Steven Donziger, Chevron's principal target, issued the following statement:
"With all due respect to the court, this is an appalling decision resulting from of a deeply flawed proceeding that overturns a unanimous ruling by Ecuador's Supreme Court. We believe Judge Kaplan is wrong on the law and wrong on the facts and that he repeatedly let his implacable hostility toward me, my Ecuadorian clients, and their country infect his view of the case. This decision is full of vitriol, is based on paid evidence from a corrupt former judge, and ignores the overwhelming evidence that Chevron committed environmental crimes and fraud in Ecuador. Through this decision, we now have the spectacle of a Manhattan trial judge purporting to overrule Ecuador's Supreme Court on questions of Ecuadorian law.
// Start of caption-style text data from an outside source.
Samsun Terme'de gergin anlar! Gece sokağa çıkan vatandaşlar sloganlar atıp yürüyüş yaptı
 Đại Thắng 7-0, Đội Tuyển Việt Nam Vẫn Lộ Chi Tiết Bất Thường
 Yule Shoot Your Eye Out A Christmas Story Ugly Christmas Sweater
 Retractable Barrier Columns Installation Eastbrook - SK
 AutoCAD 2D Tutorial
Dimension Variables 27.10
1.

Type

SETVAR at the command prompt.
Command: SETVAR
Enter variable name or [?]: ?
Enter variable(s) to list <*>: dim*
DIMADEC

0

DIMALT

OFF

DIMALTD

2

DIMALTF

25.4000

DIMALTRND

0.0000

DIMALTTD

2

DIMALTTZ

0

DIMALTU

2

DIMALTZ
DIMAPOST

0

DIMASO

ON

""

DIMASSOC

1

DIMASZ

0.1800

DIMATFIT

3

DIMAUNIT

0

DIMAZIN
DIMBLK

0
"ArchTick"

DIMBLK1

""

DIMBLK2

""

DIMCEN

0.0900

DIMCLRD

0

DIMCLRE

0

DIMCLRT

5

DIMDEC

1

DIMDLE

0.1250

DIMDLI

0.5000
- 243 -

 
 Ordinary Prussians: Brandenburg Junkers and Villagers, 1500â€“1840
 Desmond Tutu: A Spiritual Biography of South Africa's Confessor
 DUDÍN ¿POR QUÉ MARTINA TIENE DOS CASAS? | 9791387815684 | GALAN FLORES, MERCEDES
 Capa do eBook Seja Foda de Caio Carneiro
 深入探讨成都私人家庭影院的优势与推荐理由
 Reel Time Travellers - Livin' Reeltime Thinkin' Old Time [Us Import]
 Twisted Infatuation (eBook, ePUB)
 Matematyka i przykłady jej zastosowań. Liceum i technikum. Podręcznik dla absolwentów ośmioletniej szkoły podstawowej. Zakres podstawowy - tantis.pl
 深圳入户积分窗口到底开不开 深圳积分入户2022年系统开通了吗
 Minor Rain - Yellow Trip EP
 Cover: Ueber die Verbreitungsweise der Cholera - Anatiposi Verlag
All of these factual and legal issues will be addressed in due course on appeal. We are confident we will be fully vindicated in the U.S., as we have been in Ecuador.
Well before the trial began, Judge Kaplan made it clear he would rule against us. By not allowing me and my clients to argue before a jury, we did not have a chance to tell the real story of Chevron's wrongdoing in Ecuador which proves the judgment is based on overwhelming and unassailable scientific evidence that Chevron committed an environmental disaster that continues to cause harm to thousands of people.
It is worth noting that this ruling is a far cry from what Chevron wanted. It does not block enforcement of the Ecuador judgment. Nothing in Judge Kaplan's ruling will prevent my clients from pursuing the judgment's enforcement in other countries. The villagers deserve justice, and I am confident they will get it despite Chevron's efforts to undermine the rule of law.
I will continue my efforts on behalf of my clients consistent with the law. I also will pursue an immediate and expedited appeal so that a panel of impartial judges can review this decision."
Han Shan, the U.S. spokesman for the Ecuadorian villagers issued the following statement:
"While the Ecuadorians respect the rule of law in all countries, they do not accept this court's jurisdiction nor this ruling. The affected communities long ago gave up hope that a U.S. court would provide them relief from Chevron's contamination, which has taken their loved ones, poisoned their lands, and imperiled their cultures.
Their focus now is on enforcing their judgment in countries where they can receive a fair hearing about Chevron's pollution of the rainforest and refusal to abide by a legitimate ruling from the courts in Ecuador, where the company demanded the case be heard. It is time for Chevron to end its abusive efforts at evading justice, and restore the indigenous people and villagers who suffer from the company's terrible legacy."